I know it's short notice, but, for those that can't make it, we'll call so phone shots and phone herfing :tu


Ron


----------



## BigVito (Jan 1, 2000)

damn wish he could hop on a c130 and y'all join the lcda herf. I will be there in spirit


----------



## bruceolee (Jun 26, 2005)

I'm working Sat. all day. If you guys are going to stay late (like after 5:30 and on) then I'll try to make it down. I just got through an unholy stomach flu so I may not be big on smoking right now, but I can at least be there to say farewell to a great botl (for now) I'll do my damndest to be there. :ss


----------



## sailchaser (Jun 16, 2007)

I need you all to have at least one smoke for me and sevral drinks, sounds like it will be a good time to do a little herf dialing, enjoy!!!!:tu


----------



## Made in Dade (Aug 5, 2006)

Mr.Maduro said:


> I'll be there in spirit..... and also probably when Carlos :al drunk-dials me again!! :r:r:r


haha, I love it when we do that. :mn


----------



## snkbyt (Jun 22, 2006)

count me in, I'll be there between 12-1pm till ????


----------



## snkbyt (Jun 22, 2006)

icehog3 said:


> Wish I could make it down on such short notice, but like Patrick, I will be there in spirit....still hoping there is some way I can herf with Alex before he goes.

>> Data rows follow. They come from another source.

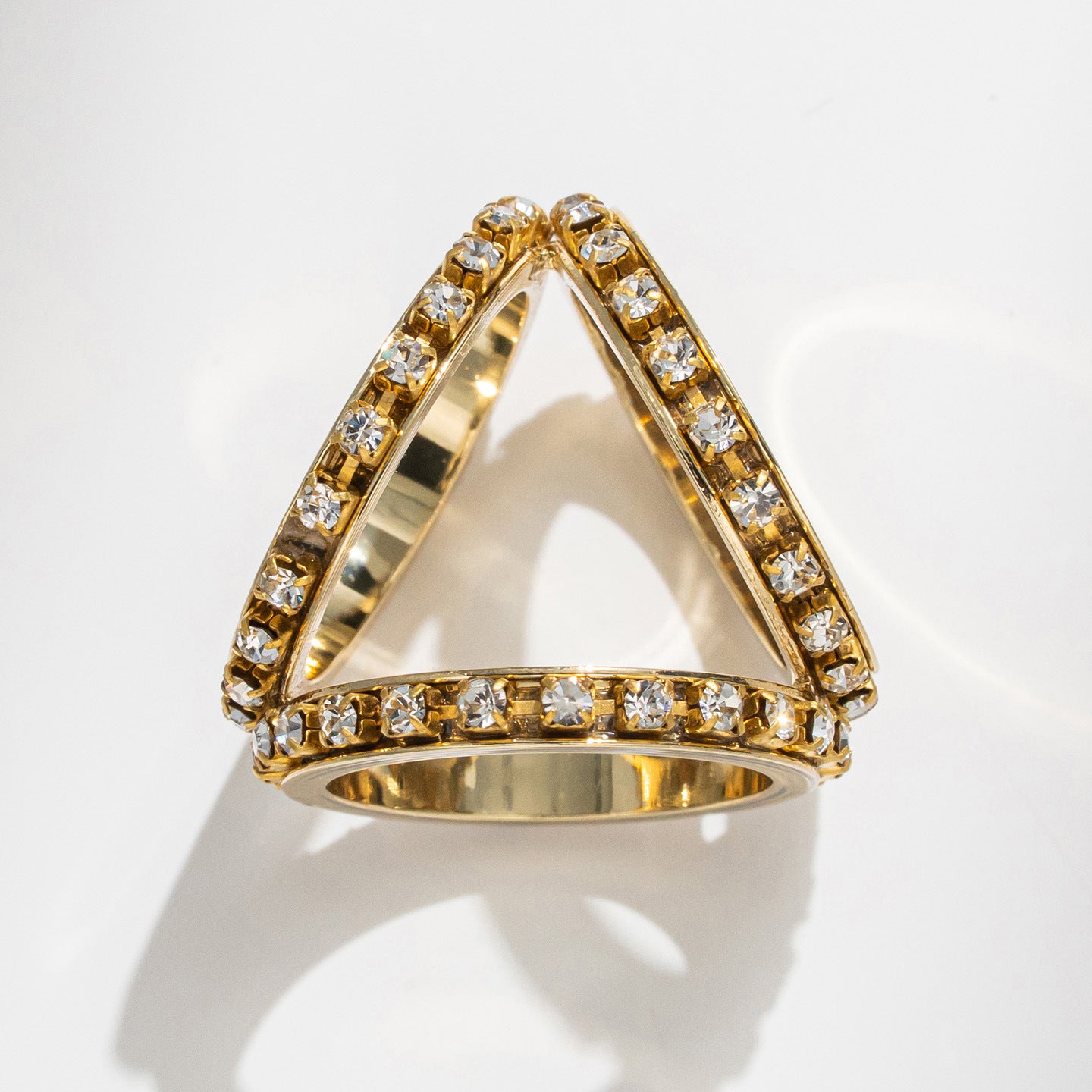 Color Crystal Three-ring Silk Scarf Buckle, Diamond-set Fashionable and Simple Accessories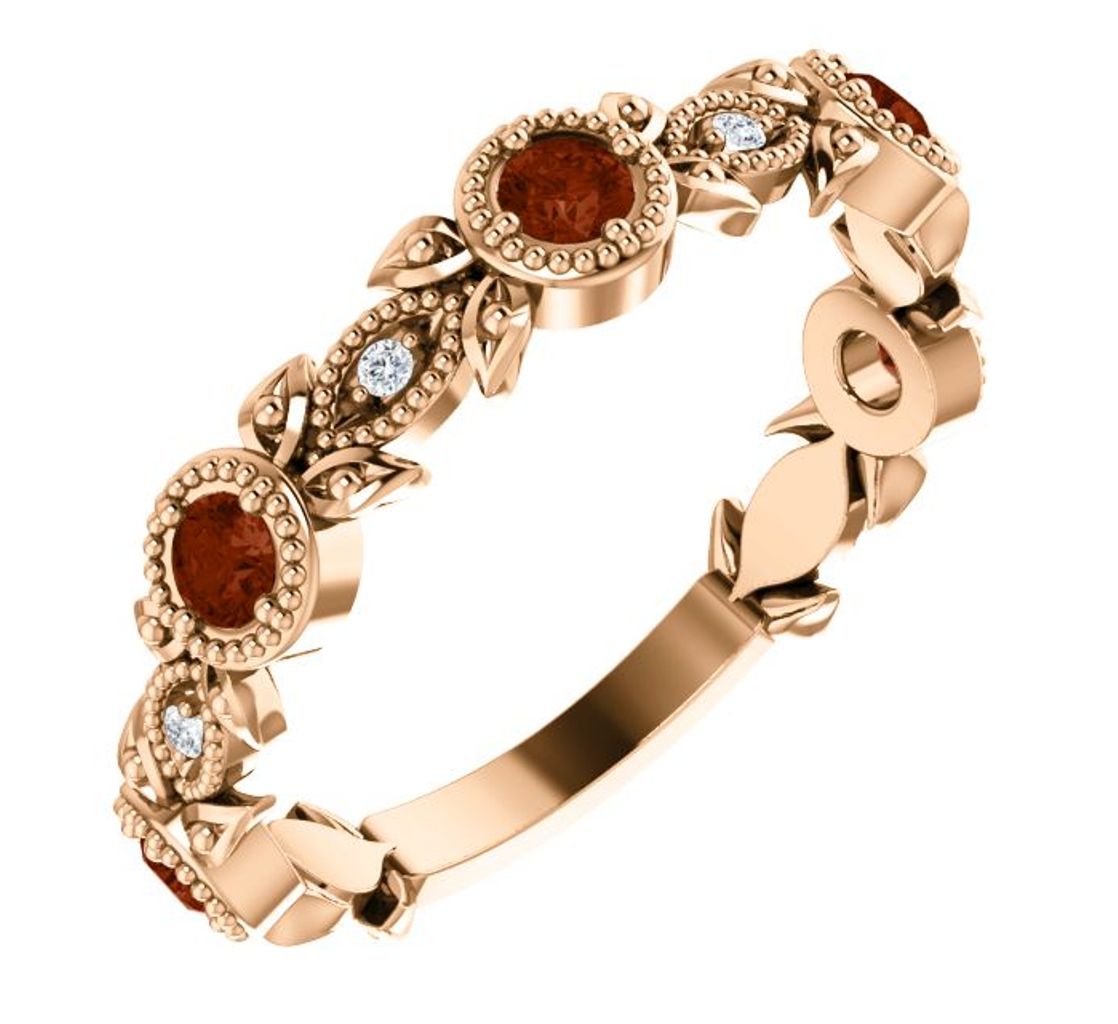 Diamond and Mozambique Garnet Leaf Ring, 14k Rose Gold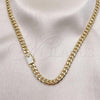 Oro Laminado Basic Necklace, Gold Filled Style Miami Cuban Design, with White Micro Pave, Polished, Golden Finish, 04.213.0303.18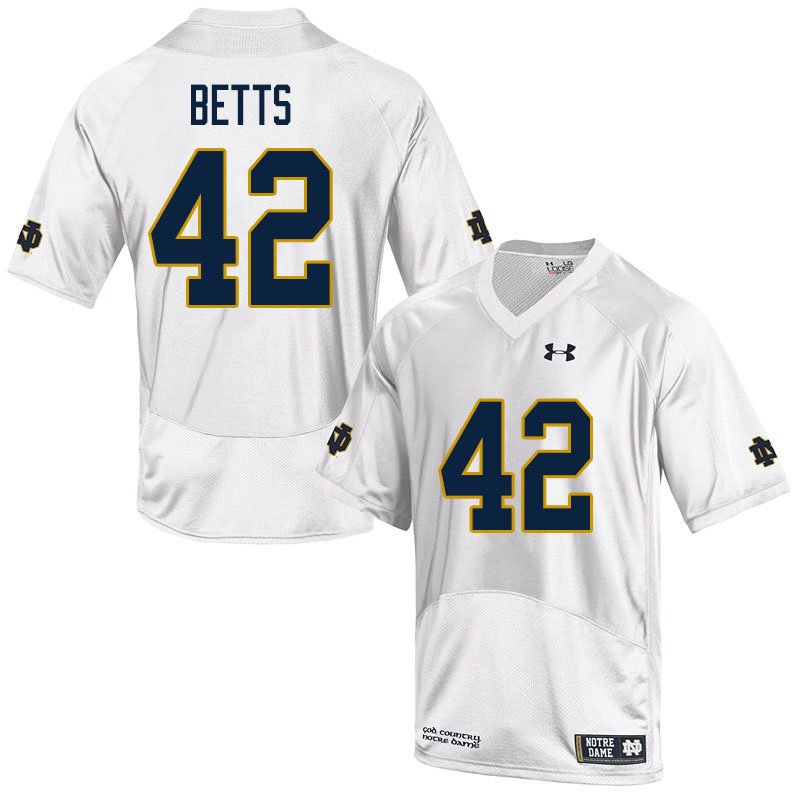 Men's NCAA Notre Dame Fighting Irish #42 Stephen Betts Stitched College Under Armour Authentic White Football Jersey MJ10U74IP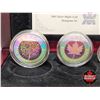 Image 2 : RCM Canada 2003 Silver Maple Leaf Hologram Five-Coin Fine Silver Set :  One Ounce ; 1/2 Ounce 1/4 Ou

 only if you can make it to Camp Shelby MS around the first half of Aug


Mr.Maduro said:


> I'll be there in spirit..... and also probably when Carlos :al drunk-dials me again!! :r:r:r


I'm sure that will happen again...............................:r


----------



## BigVito (Jan 1, 2000)

snkbyt said:


> only if you can make it to Camp Shelby MS around the first half of Aug
> 
> I'm sure that will happen again...............................:r


is Camp Shelby near Pearl ,Richland or Jackson?


----------



## snkbyt (Jun 22, 2006)

BigVito said:


> is Camp Shelby near Pearl ,Richland or Jackson?

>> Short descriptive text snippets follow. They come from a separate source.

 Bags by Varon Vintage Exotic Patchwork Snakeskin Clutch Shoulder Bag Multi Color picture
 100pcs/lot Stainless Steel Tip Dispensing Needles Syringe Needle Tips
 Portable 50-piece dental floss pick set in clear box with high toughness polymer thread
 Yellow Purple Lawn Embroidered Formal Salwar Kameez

 Hattiesburg, MS....southeast of Jackson
http://maps.google.com/maps?q=Hatti...addr=Hattiesburg,+MS&saddr=melbourne,+FL&rl=1


----------



## Ron1YY (Mar 3, 2005)

ok, so far it's

Ron1YY
HarryCulo
Blueface?
Made in Dade


Who else is up for this


Ron


----------



## snkbyt (Jun 22, 2006)

Ron1YY said:


> ok, so far it's
> 
> Ron1YY
> HarryCulo
> ...


anyone?


----------



## DETROITPHA357 (Jul 8, 2006)

Mr.Maduro said:


> I'll be there in spirit..... and also probably when Carlos :al drunk-dials me again!! :r:r:r


:tpd:Wish I could make it



Ron1YY said:


> I know it's short notice, but, for those that can't make it, we'll call so phone shots and phone herfing :tu
> 
> Ron


Make sure im on the call list. Pm sent with my new cell no.


----------



## Ron1YY (Mar 3, 2005)

DETROITPHA357 said:


> :tpd:Wish I could make it
> 
> Make sure im on the call list. Pm sent with my new cell no.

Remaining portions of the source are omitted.